Même discours au Syntec, la « branche sœur » du Cinov où l’on préférerait attendre la fin de la crise sanitaire afin de disposer d’une « vision objective » sur le télétravail et l’opportunité de s’engager au niveau de la branche. « L’opinion très majoritaire au Syntec, c’est le renvoi du sujet à l’entreprise », explique-t-on dans cette fédération qui rassemble des secteurs aussi divers que le numérique, l’ingénierie, le conseil, l’évènementiel et la formation professionnelle. En février 2019, d’ailleurs, les partenaires sociaux de ces deux branches avaient réalisé une étude sur le télétravail dont les résultats s’étaient traduits par la publication de guides thématiques à destination des entreprises, de programmes de formation pour les managers et des modèles de chartes ou d’avenants susceptibles de servir de modèles aux employeurs des secteurs concernés. « Nous étions même allés plus loin que l’ANI puisque nous avions intégré le cas de la parentalité dans nos travaux », se félicite-t-on au Syntec.

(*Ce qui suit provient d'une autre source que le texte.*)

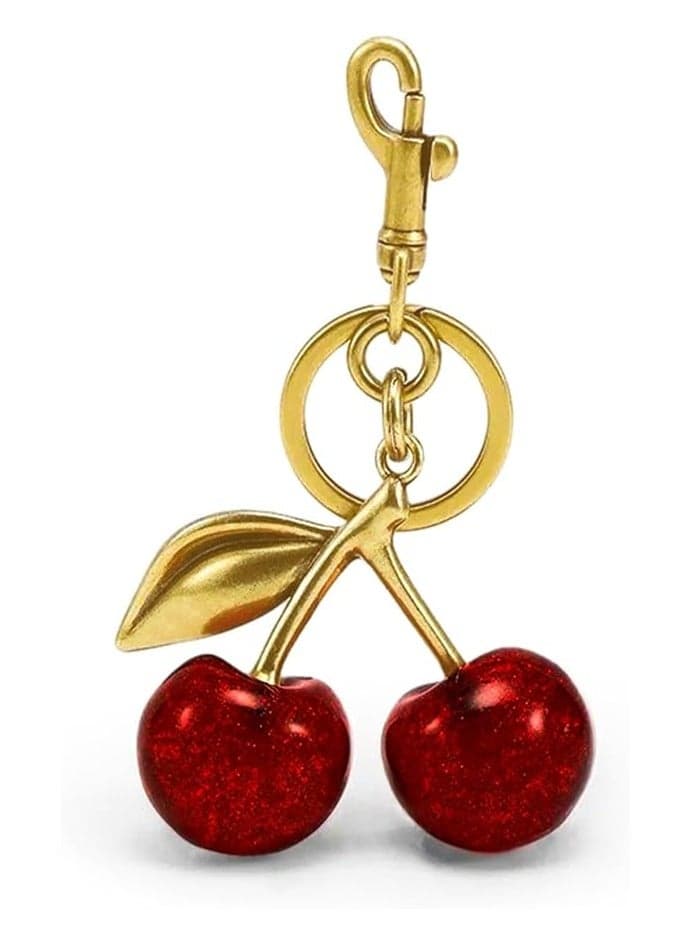 Glitter Cherry Bag Charm with Key Ring and Clip – Sparkling Resin & Metal Accessory for Purses and Bags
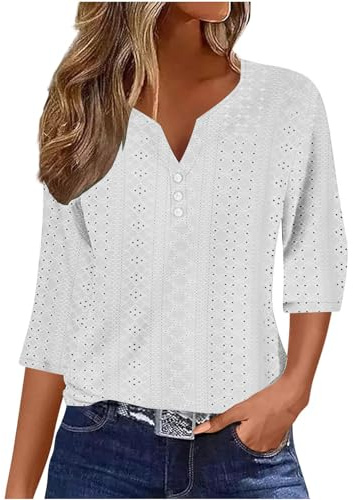 Chemisier Femme Chic Et éLéGant Chemise T-Shirts à Manches Courtes Tee Shirt Femme Col V Chemise Tunique Tops avec Boutons D'éTé DéContractéS Ample Couleur Unie Blouse VêTements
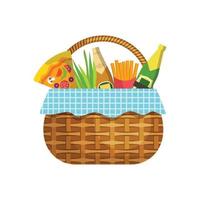 Basket with products handcraft picnic hamper with various food vegetables fruits vector baskets picnic product basket with handle traditional outdoor accessory illustration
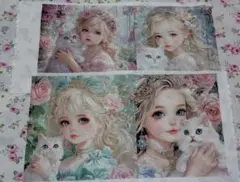 パネル生地　女の子と猫　お姫様　プリンセス　白猫　花　薔薇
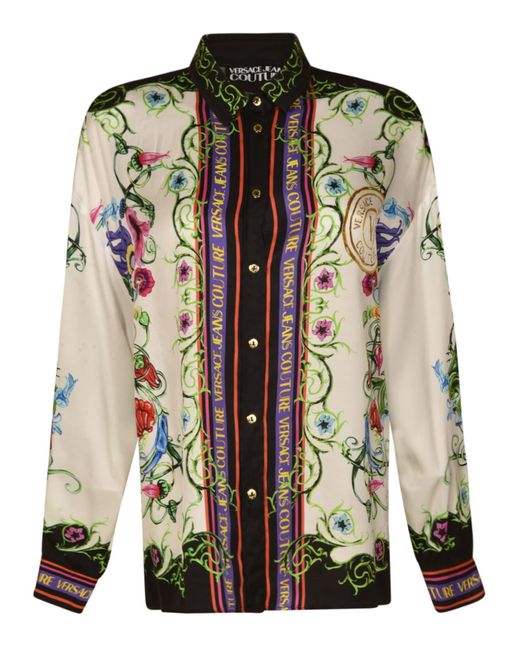 Versace Jeans Couture Garden V Emblem Twill Panel Shirt | Lyst UK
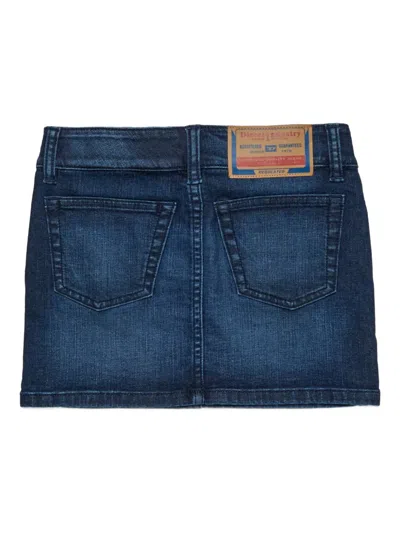 Diesel Cotton Mini Skirt In Blue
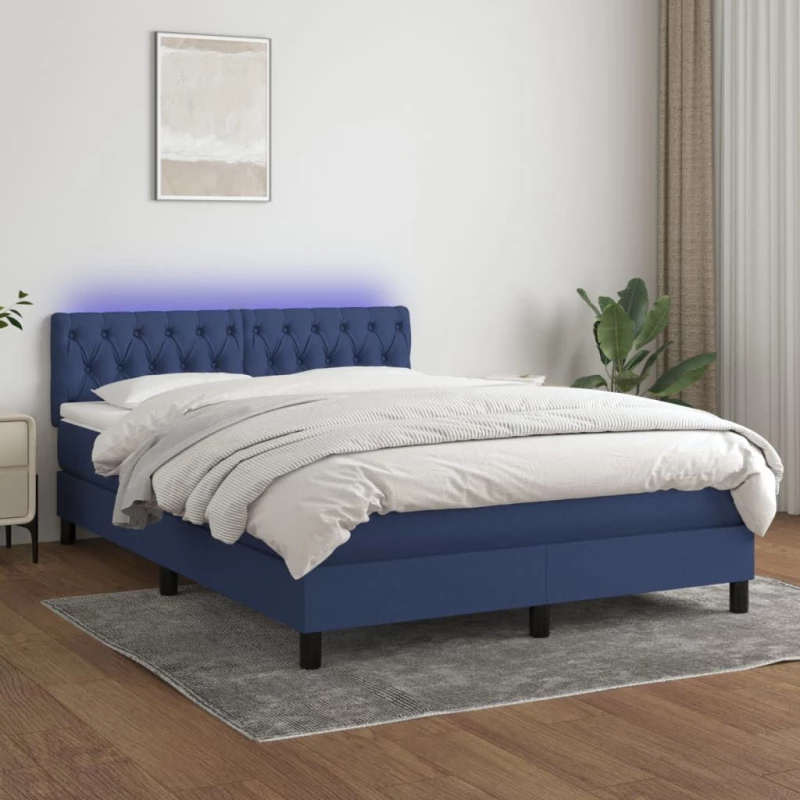 ΚΡΕΒΑΤΙ BOXSPRING ΜΕ ΣΤΡΩΜΑ & LED ΜΠΛΕ 140X190 ΕΚ. ΥΦΑΣΜΑΤΙΝΟ 3133395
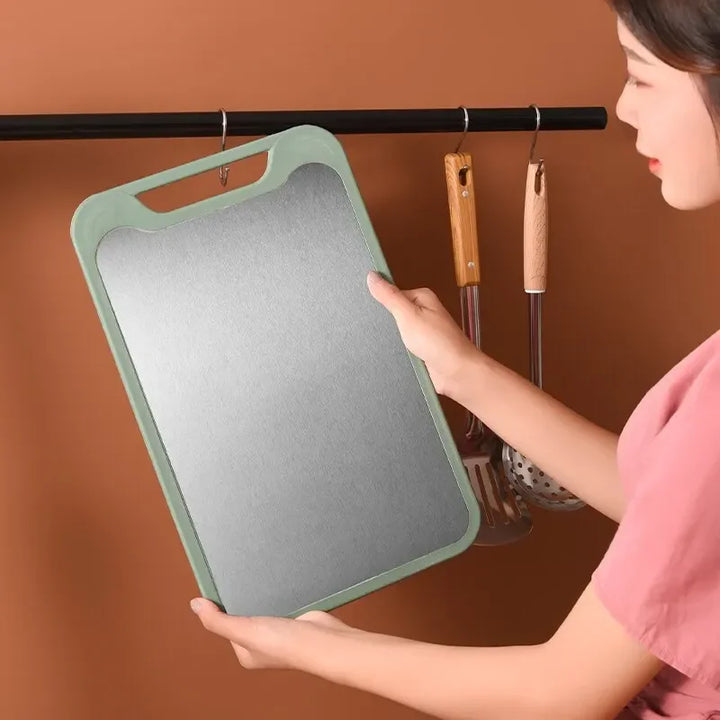 Double-Sided Cutting Board – Stainless Steel and Plastic, Multifunctional for Meats, Vegetables, and Fruits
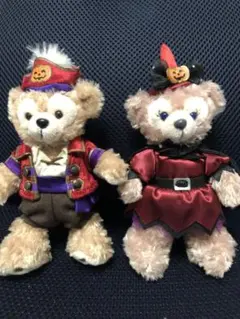 ダッフィー&シェリーメイ　ぬいぐるみバッジ　ハロウィン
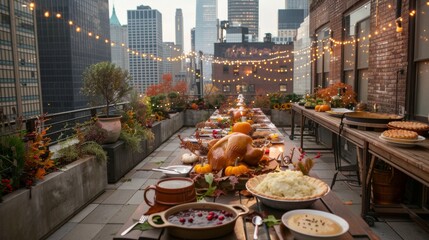 Canvas Print - Family praying holding hands at Thanksgiving table. Flat-lay of feasting peoples hands over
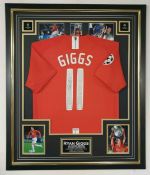 Ryan Giggs signed framed Manchester United football shirt  ** A cost of £15 will be added for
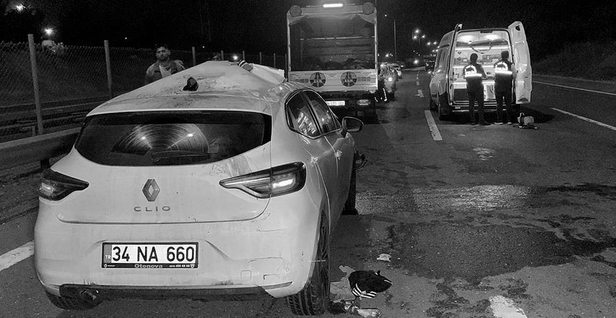 TEM Otoyolu'nda feci kaza! Otomobilin çarptığı yaya öldü-5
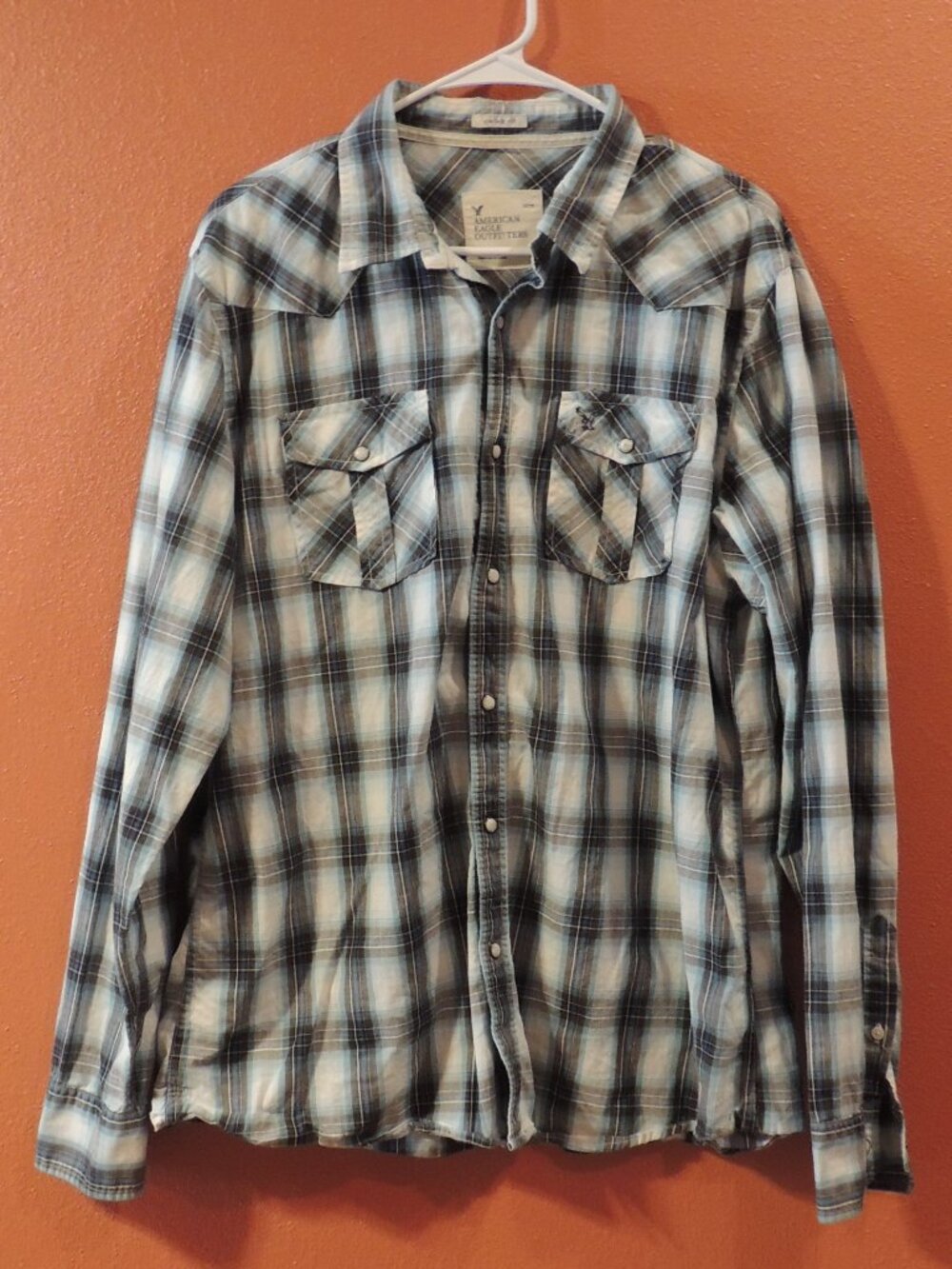 American Eagle Shirt Men X Large Pearl Snap Button Up Cowboy Rodeo Weatern Shirt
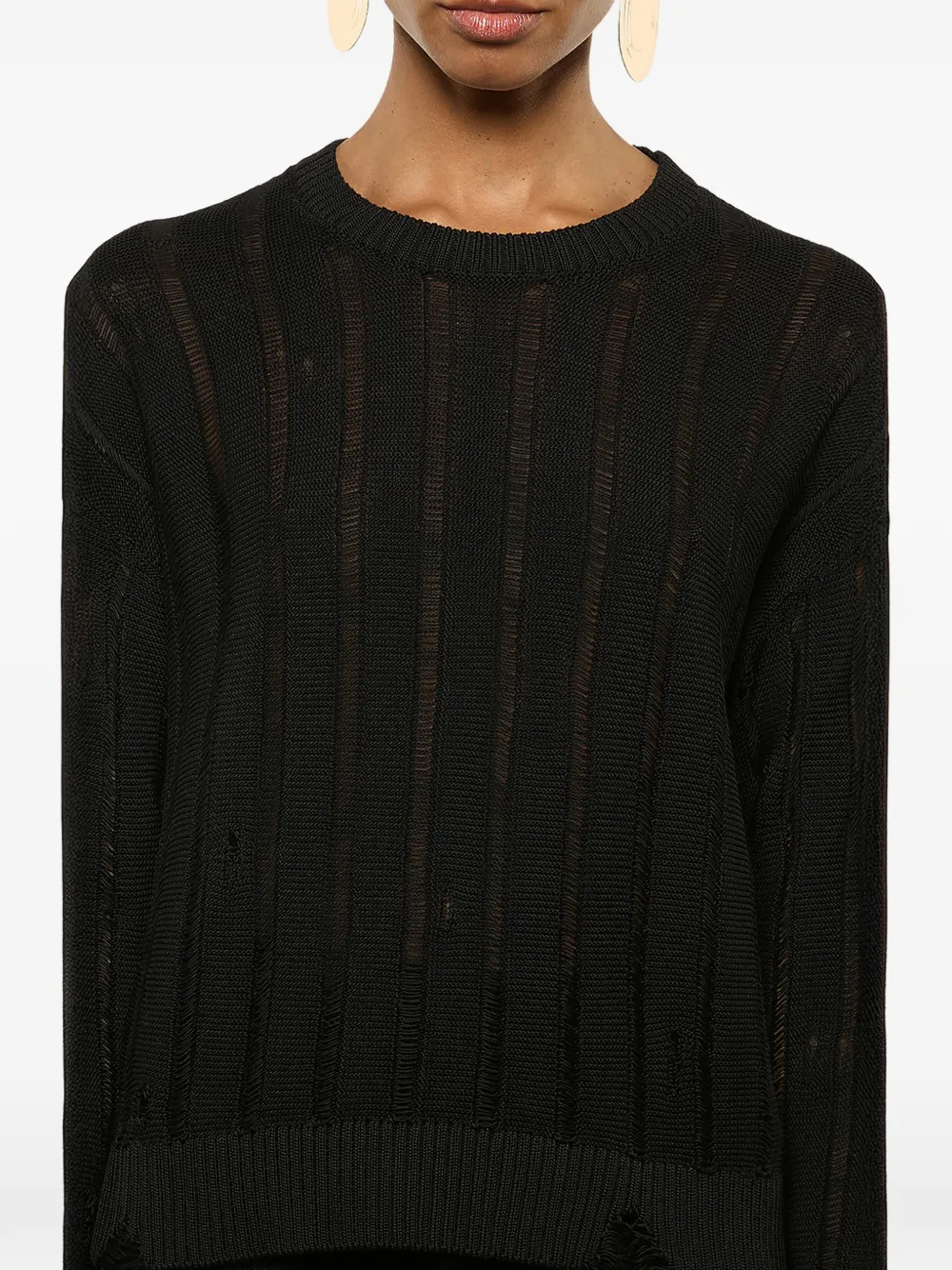 Distressed Crew-Neck Sweater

Le bénéfice de l’ANI télétravail serait-il un luxe réservé aux professions tertiaires ? Dans le bâtiment ou le nettoyage, on ne se sent pas vraiment concerné. « Structurellement, nos entreprises sont marginalement impactées par le télétravail qui ne concerne que leur personnel administratif », témoigne Philippe Jouanny, le président de la Fédération des entreprises de propreté (FEP). Dans le transport routier, aussi, on imagine mal une déclinaison de l’accord étant donné la nature des activités qui nécessitent non seulement du monde sur les routes, mais également dans les entrepôts logistiques, y compris au niveau de l’encadrement. « À part sur certains points très spécifiques comme la prise en charge des frais, je ne vois pas sur quel genre de négociations pourraient s’engager nos entreprises », admet Erwan Poumeroulie, directeur des affaires sociales de la FNTR.
« L’Observatoire français des conjonctures économiques ne recense que 33 % de postes télétravaillables en France », note Frédéric Guzy. « Le préambule de l’ANI rappelle d’ailleurs que tous les emplois ne sont pas éligibles au télétravail. Mais la question qui se pose reste : que proposer aux autres ? », s’interroge le directeur général d’Entreprise &Personnel. Et parmi les « autres » collaborateurs, on trouve les « salariés de deuxième ligne » révélés au moment du second confinement dont l’activité ne peut ni être télétravaillée, ni remplacée par le chômage partiel du fait de sa nature indispensable. Lors de la négociation, la CGT et la CFTC avaient porté sur la table la possibilité de « compensations » (sous forme de primes ou de points pénibilité) pour ces salariés spécifiques, mais l’idée n’a pas été retenue, laissant à une mission paritaire désignée par le ministère du Travail imaginer des scénarios de revalorisation de ces métiers.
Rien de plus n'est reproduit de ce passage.